(Image-text web data)
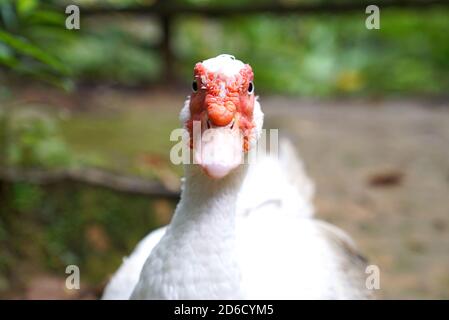Kopfaufnahme einer weißen Ente mit rotem Kopf in okinawa japan, Luxusreisen, Abenteuer, wilde Reisen, freie Natur, Wildtierfotografie, Japaner, Stare Stockfoto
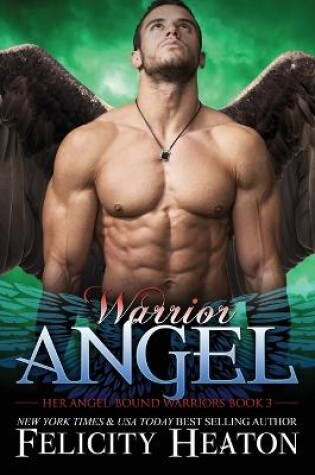 Cover of Warrior Angel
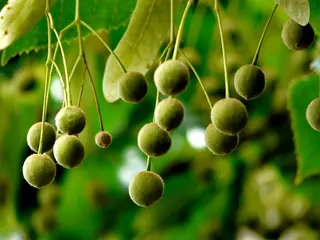 Littleleaf: Linden (Tilia cordata), foliage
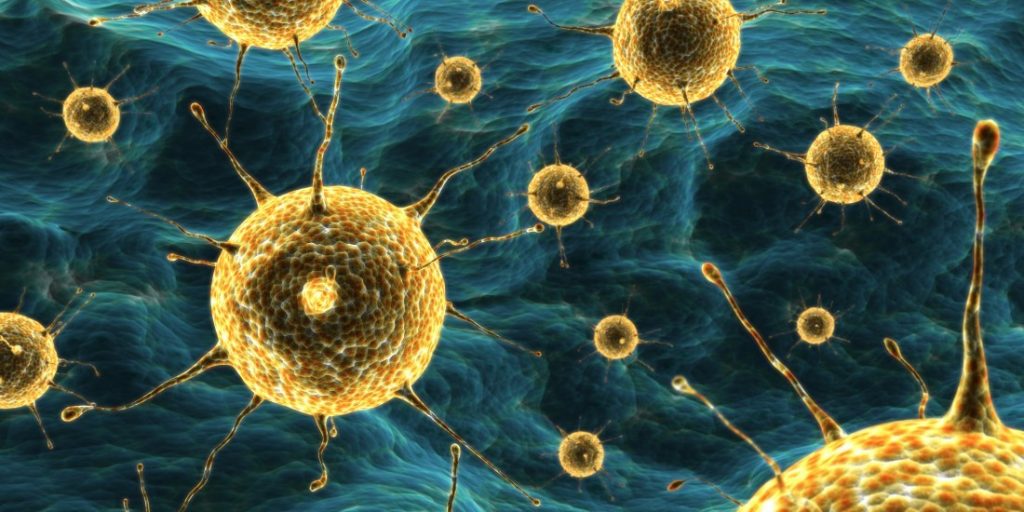 6-те видови рак кои сè почесто се појавуваат кај луѓе на возраст од 25 до 45 години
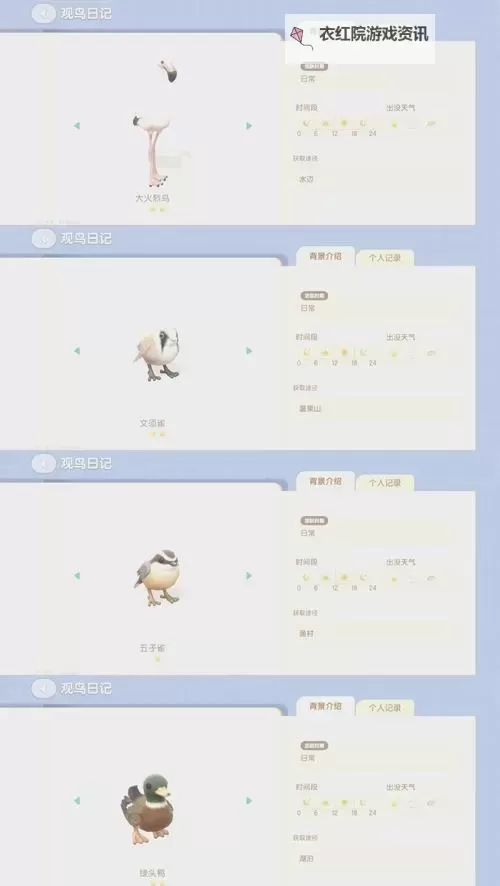 《心动小镇》海鸥位置说明 海鸥在哪出现图1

TASK GOAL: From the first line of the records through the line with "Littleleaf: Linden (Tilia cordata), foliage", reproduce each line exactly and leave the pictures out.

EXERCISE SOLUTION:
Kopfaufnahme einer weißen Ente mit rotem Kopf in okinawa japan, Luxusreisen, Abenteuer, wilde Reisen, freie Natur, Wildtierfotografie, Japaner, Stare Stockfoto
 Cover of Warrior Angel
 Littleleaf: Linden (Tilia cordata), foliage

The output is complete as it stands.